*Assignment*.
Leave the pictures out and quote only the lines from the one with "OLIVER Taupe Women's" down to the end of the listing below.

*Source data*.
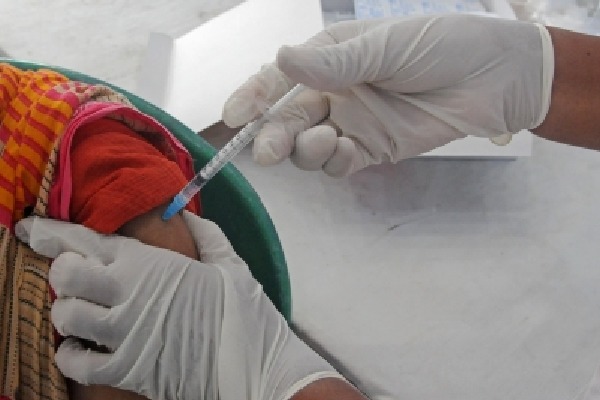 Woman dies after taking second dose of Covid vaccine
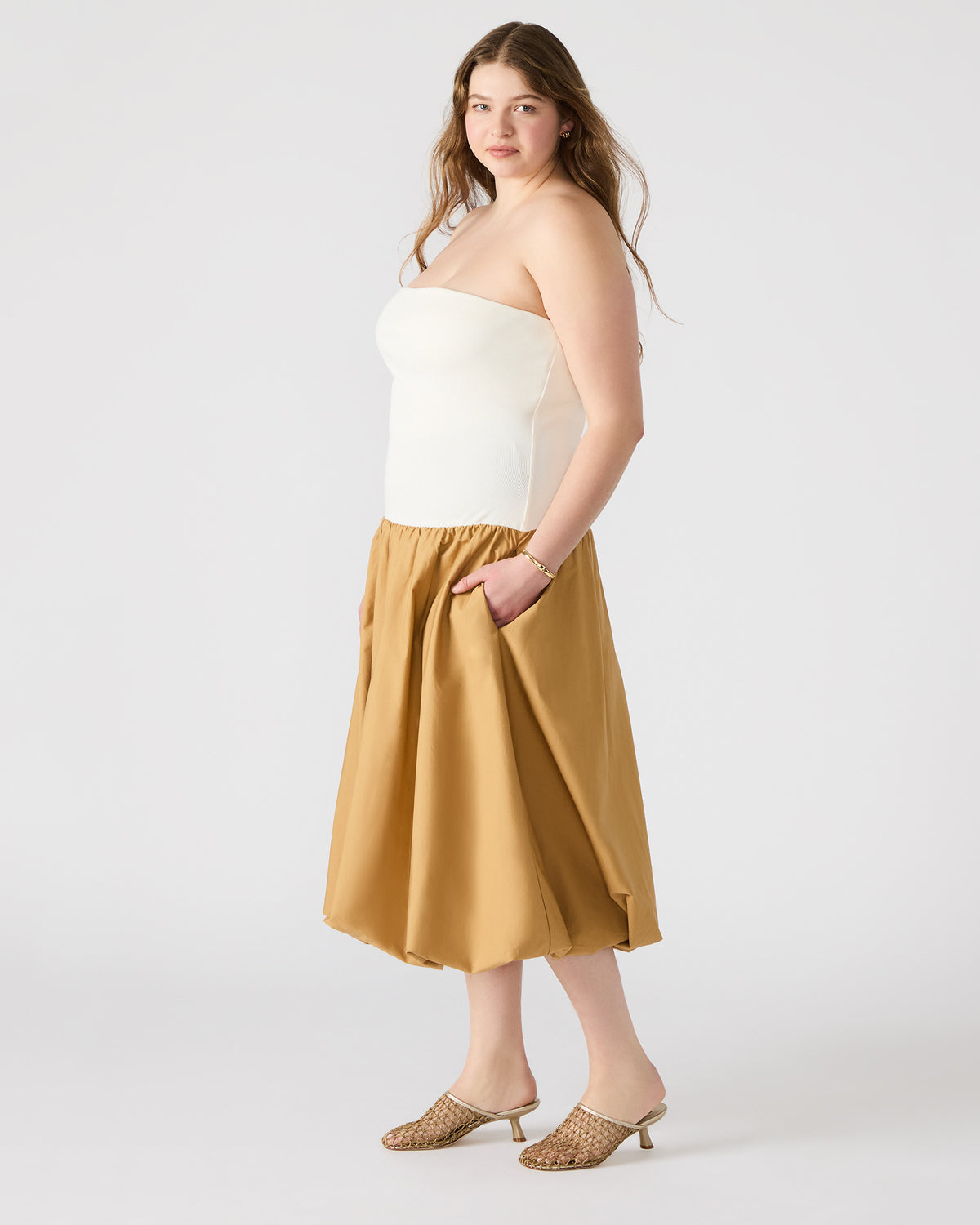 OLIVER Taupe Women's Strapless Midi Bubble Dress Steve Madden TAUPE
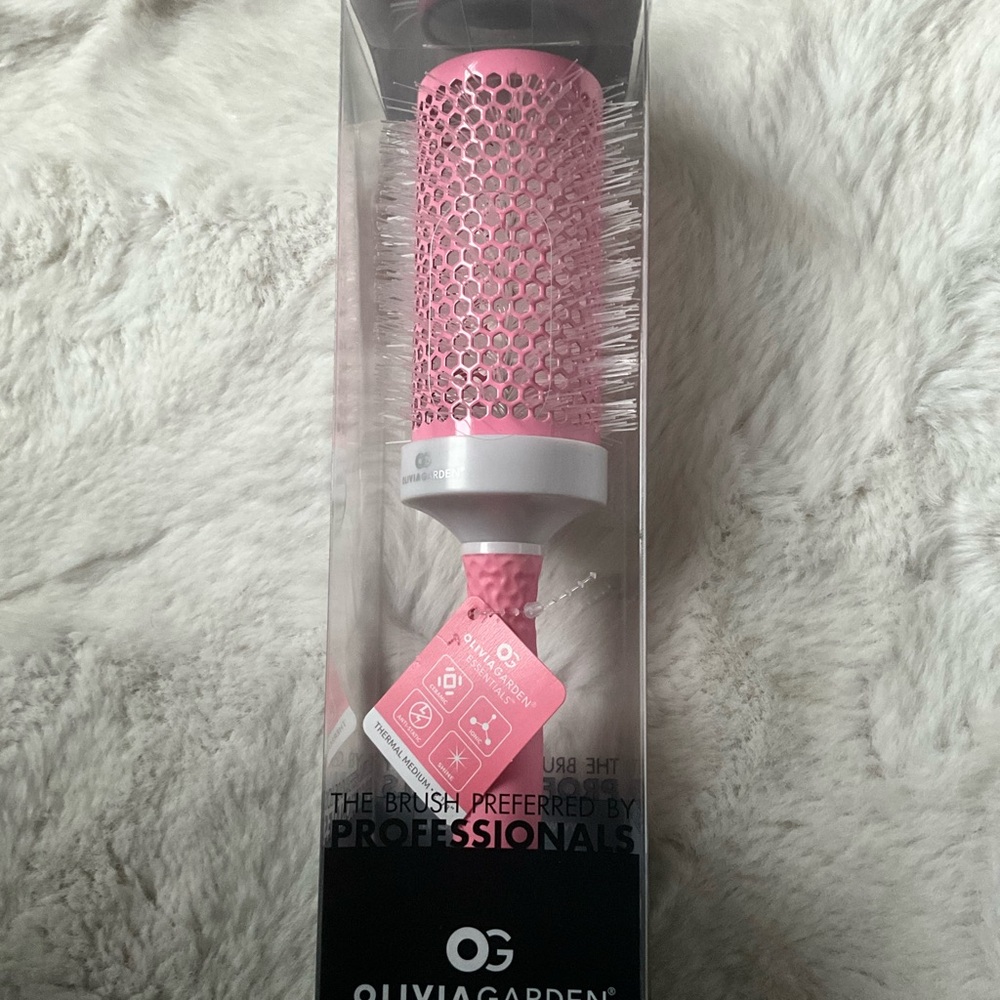 Olivia Garden thermal round brush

*Final answer*.
 OLIVER Taupe Women's Strapless Midi Bubble Dress Steve Madden TAUPE
 Olivia Garden thermal round brush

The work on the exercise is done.